Problem statement – The listing is to be reproduced exactly, excluding its pictures.
START Supplied information
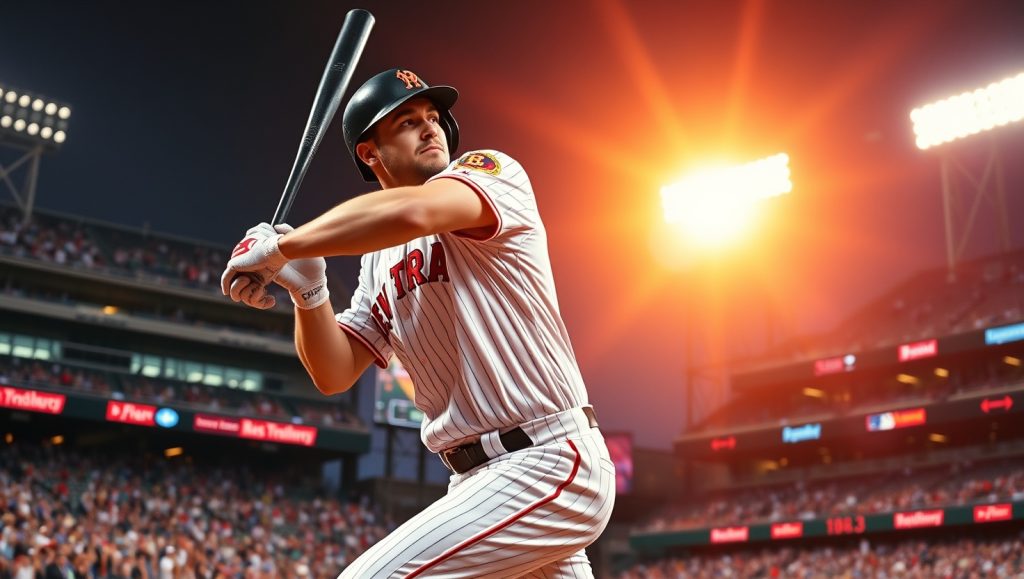 Tiểu sử Shohei Ohtani (chi tiết)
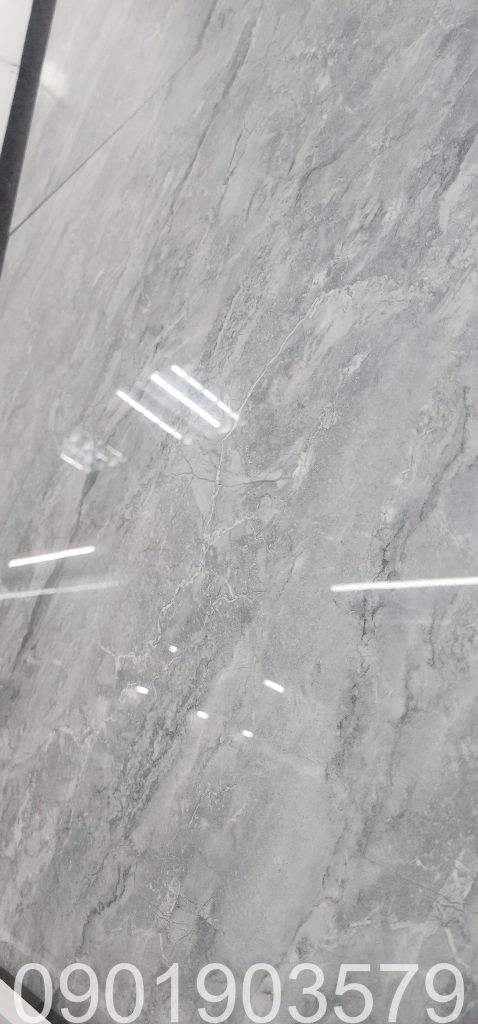 Gạch 80x80 Tasa 9215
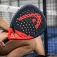 Head Radical Motion 2024 padel racket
END Supplied information
Answer space –
 Tiểu sử Shohei Ohtani (chi tiết)
 Gạch 80x80 Tasa 9215
 Head Radical Motion 2024 padel racket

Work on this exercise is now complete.